Segundo dados do Banco de Cabo Verde, em 2018 a dívida pública foi de 124% do PIB, sendo 90,5% externa e 33,5% interna.

Em novembro, em mais uma missão de revisão das políticas macroeconómicas de Cabo Verde, o Grupo de Apoio Orçamental (GAO) considerou que, apesar da dívida pública em relação ao PIB estar numa trajetória descendente (127% em 2017 e 124% em 2018), o risco de sobre-endividamento externo permanece alto.

Para os parceiros, a redução da dívida pública e o risco de sobre-endividamento requerem um aumento das receitas e uma contenção do aumento dos gastos públicos, salvaguardando as despesas sociais.

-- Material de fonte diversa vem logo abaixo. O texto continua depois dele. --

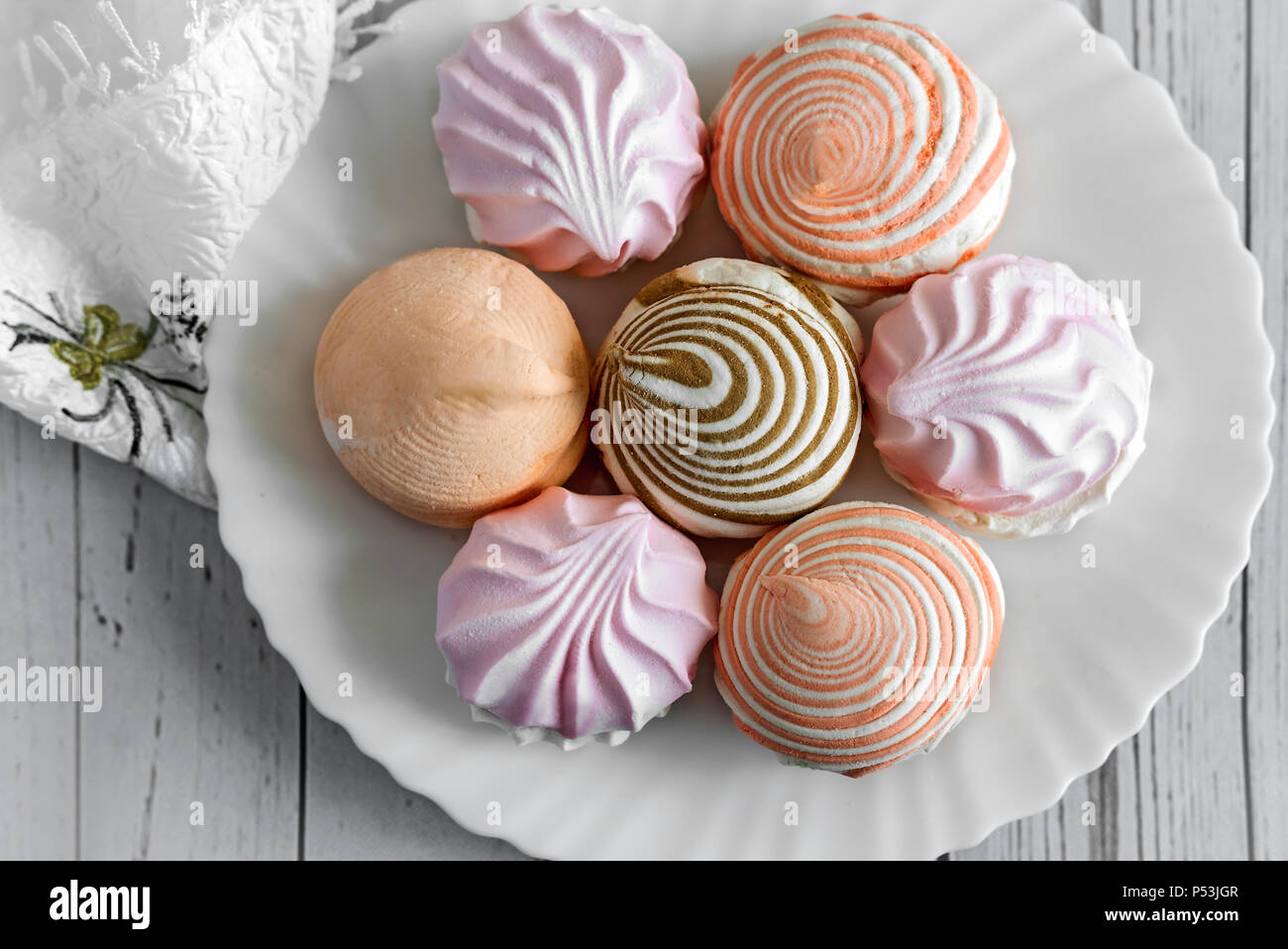 Marshmallows of different varieties on a plate. Stock Photo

O vice-primeiro-ministro e ministro das Finanças, Olavo Correia, reconheceu na altura que a dívida pública cabo-verdiana é elevada, mas garantiu que a filosofia do Governo é passar a financiar o desenvolvimento do país com base na mobilização de recursos internos.

Neste sentido, deu conta que o quadro fiscal foi melhorado de forma substancial, permitindo que em 2016 as receitas fiscais representassem 19% do PIB e hoje é de 22,5% do PIB, sendo que o objetivo é fazer mais reformas para aumentar as receitas internas nos próximos.